# Greased



## JtAv8tor (Apr 12, 2017)

I knew better, so knew better than to trust @greasemonger would do a simple 5er trade for some Statements ..










I would say he is sneaky and sly but I saw this one coming. Thank you very much sir, above and beyond a simple 5er trade.

"I have you now" - Vader


----------



## JtAv8tor (Apr 12, 2017)

I guess you could say he made his “statement” haha 


“I have you now” - Vader


----------



## UBC03 (Nov 18, 2015)

Another nice hit in a deserving brother

Sent from my SM-G960U using Tapatalk


----------



## Kidvegas (Oct 17, 2016)

Nicely done Monger Man!

Sent from The Cauldron Of Insanity


----------



## Gumby-cr (Aug 24, 2008)

Great hit! Those look yummy.


----------



## Ren Huggins (Apr 26, 2019)

Slick move @greasemonger!

Sent from the bottom of the rabbit hole getting settled in using Tapatalk


----------



## OneStrangeOne (Sep 10, 2016)

No such thing as a simple trade! 
Well done @greasemonger, &#128077;&#128077;&#128077;&#128077;


----------



## Olecharlie (Oct 28, 2017)

All great cigars right their! Mighty Fine Indeed! @greasemonger is "Slick"


----------



## greasemonger (Jan 14, 2018)

He said 2 statements for Ezras. I also knew better, and with box discounts on everything above I'll bet the value is very close to even. He also mentioned he missed the Texas Special so he knew that was coming. He annihilated me the first time we met up, so henceforth, well ya know.


----------



## Hickorynut (Jun 26, 2017)

What did you trade him a hootchie-mama? Nice!


----------



## JtAv8tor (Apr 12, 2017)

Hickorynut said:


> What did you trade him a hootchie-mama? Nice!


A select 5er of EZ stuff that he had missed releases of.

"I have you now" - Vader


----------



## mpomario (Dec 27, 2016)

Won’t miss with those Statements. 


Sent from my iPhone using Tapatalk


----------



## CgarDann (Aug 4, 2019)

Carpet bomb hit the target


----------



## greasemonger (Jan 14, 2018)

Yea see? Whats the value of unobtanium? I'd say thats a killer sampler of incredible smokes right here. Thanks again @*JtAv8tor* I'm sure the beatings will continue until morale improves lmao!


----------



## JtAv8tor (Apr 12, 2017)

greasemonger said:


> Yea see? Whats the value of unobtanium? I'd say thats a killer sampler of incredible smokes right here.

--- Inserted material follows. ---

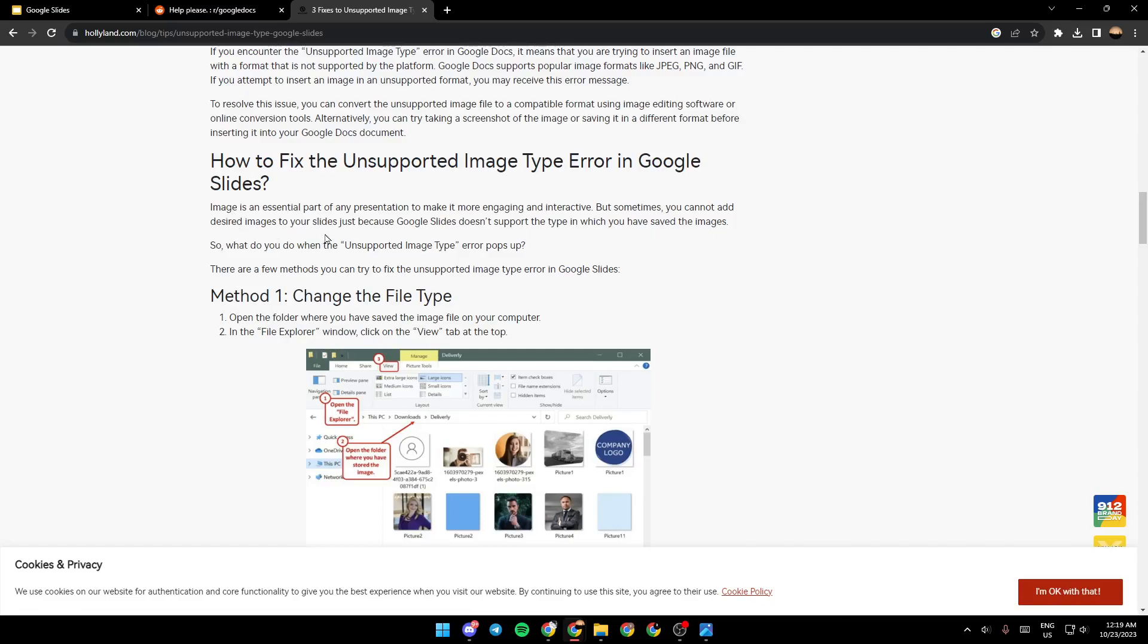Image is an essential part of any presentation to make it more engaging and interactive. But sometimes you cannot add desired images to your slides just because Google Slides doesn't support the type in which you have saved the images. So what do you do when the unsupported image type error pops up? There are a few methods you can try to fix the unsupported image type error in Google Slides.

Thanks again @*JtAv8tor* I'm sure the beatings will continue until morale improves lmao!


Very welcome, wish I had more on your list to hook you up with

"I have you now" - Vader


----------



## greasemonger (Jan 14, 2018)

JtAv8tor said:


> Very welcome, wish I had more on your list to hook you up with
> 
> "I have you now" - Vader


Dont be silly. The way things have been, I miss them all the time lol. Course with the splits you'll have to let me know which ones you jump on.


----------



## JtAv8tor (Apr 12, 2017)

greasemonger said:


> Dont be silly. The way things have been, I miss them all the time lol. Course with the splits you'll have to let me know which ones you jump on.


Going to be snagging at least a 20 of all EZ releases

"I have you now" - Vader


----------



## SoCal Gunner (Apr 7, 2016)

JtAv8tor said:


> Very welcome, wish I had more on your list to hook you up with
> 
> "I have you now" - Vader


Do tell... what else was on the list?

Sent from the fetal position


----------